Günümüzden yirmi yüzyıl önce Beytlehem’de erden kızdan doğanın kim olduğunu bilemeyince Golgota’da, ardından da boş mezarda tümlenen olayı hiç anlayamayız. Beytlehem ağılında iki ayrı kişilik o kutsal bebekte bir araya geldi: Tanrı’yla insan. İki varlığın her özelliği o insan yavrusunda birleşti, niteliklerinden hiçbirini yitirmedi. Yaratan’a özgü her güçlülük ve görkemlik, yaratığa özgü her zayıflık ve yetersizlik O’nda birleşti. Kutsal Kitap bu şaşırtıcı olayı şöyle tanıtır: “O, bedende açıklandı, Ruh’ta doğrulandı!” (I.Timoteos 3:16). O bebek hem ölümsüz hem de ölümlü.. Güçlü, egemen. Tanrı kendisini hem yücelikle hem de alçakgönüllülükle tanıttı. Tanrısal kişilik kudrette ve güçsüzlükte kaynaştı; ama ne o, ne de öbürü özelliklerinin hiçbirini yitirmedi. Tam Tanrı, tam insan..
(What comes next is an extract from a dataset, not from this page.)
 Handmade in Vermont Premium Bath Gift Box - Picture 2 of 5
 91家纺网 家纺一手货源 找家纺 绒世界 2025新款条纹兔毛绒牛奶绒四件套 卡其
Tarihsel – tanrıbilimsel açıklama belirli din görüşlerini ve yorumlarını, giderayak savlanan yaratık kuramlarını kökten çürütüyor, gerçeği bilmezliğe çağrı niteliğini taşıyor. Bundan başka, her geçen yıl tanrısal olgunun içeriğini kavramaksızın Noel’i sıradan bir bayram kutlayışına dönüştürenleri uyarıyor, uykudan uyanışa çağırıyor. Tanrısal Söz beden kuşanınca olayı gökteki meleklerden duyan çobanlar ağıla koştu, çoşkuyla bebeğe tapındı. Doğu ikliminden yola çıkan gökbilimci aydın insanlar armağanlarla Beytlehem’e yolculuk etti, çocuğa tapındı. Tapınakta yaşlı Simeon bebeği kucağına alarak şu duayla sevincini Tanrı’ya açıkladı: “Ey egemen Rab, verdiğin söz uyarınca artık uşağını esenlikle bu yaşamdan ayırabilirsin. Çünkü gözlerim kurtarışını gördü. Tüm insanlığın önünde hazırladığın bu kurtarış uluslara Tanrı açıklamasını sağlayan ışık ve halkın İsrail’e yüceliktir” (Luka 2:29-32).Yıllarını Tapınak’ta geçiren, Hanna adında yaşlı bir peygamber kadın da Tanrı’ya şükretti, çevresindekilere Tanrı kurtarışının gelişini bildirdi. Bunlar Tanrı Ruhu’ndan yöneltiliyordu elbette. Aldanmıyordu.
Dört yazardan Matta ile Luka’nın duyurduğu haberi nesnel yaklaşımla okuyan kişi doğaüstü bir Tanrı olayı karşısında bulunduğunu anlamakta hiçbir güçlük çekmeyecek. Koloseliler ve İbraniler mektuplarının ilk bölümünde bildirilenleri okuyan, doğa ötesi bir olayla karşılaştığını anlayarak gönence gelecek. Tanrısal olayın öz niteliğini kavrayanın derininde sevgi ve sevinç duyguları etkinleşecek.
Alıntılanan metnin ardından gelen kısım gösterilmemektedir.